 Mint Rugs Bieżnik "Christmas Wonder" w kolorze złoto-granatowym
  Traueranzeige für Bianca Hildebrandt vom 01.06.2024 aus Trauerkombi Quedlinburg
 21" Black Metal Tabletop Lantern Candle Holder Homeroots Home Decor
...
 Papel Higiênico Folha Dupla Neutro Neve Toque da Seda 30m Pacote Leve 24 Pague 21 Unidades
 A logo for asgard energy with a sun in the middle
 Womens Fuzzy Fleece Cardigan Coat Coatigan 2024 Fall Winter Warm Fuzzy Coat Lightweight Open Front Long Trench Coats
* * *
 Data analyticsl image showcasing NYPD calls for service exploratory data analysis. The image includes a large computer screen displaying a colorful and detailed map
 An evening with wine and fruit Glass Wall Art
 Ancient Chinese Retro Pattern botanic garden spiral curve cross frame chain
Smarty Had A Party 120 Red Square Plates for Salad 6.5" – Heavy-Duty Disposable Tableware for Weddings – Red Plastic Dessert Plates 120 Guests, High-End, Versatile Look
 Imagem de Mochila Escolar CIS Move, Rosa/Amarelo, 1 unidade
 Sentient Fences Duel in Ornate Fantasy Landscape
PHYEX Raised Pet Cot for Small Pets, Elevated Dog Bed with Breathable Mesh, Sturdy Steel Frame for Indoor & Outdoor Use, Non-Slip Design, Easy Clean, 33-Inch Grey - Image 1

Directions =>
Keeping every character as it is, restate the lines above that run from the line with "Mint Rugs Bieżnik" through the line with "Homeroots Home Decor", both included, and nothing else.

Answer area =>
 Mint Rugs Bieżnik "Christmas Wonder" w kolorze złoto-granatowym
  Traueranzeige für Bianca Hildebrandt vom 01.06.2024 aus Trauerkombi Quedlinburg
 21" Black Metal Tabletop Lantern Candle Holder Homeroots Home Decor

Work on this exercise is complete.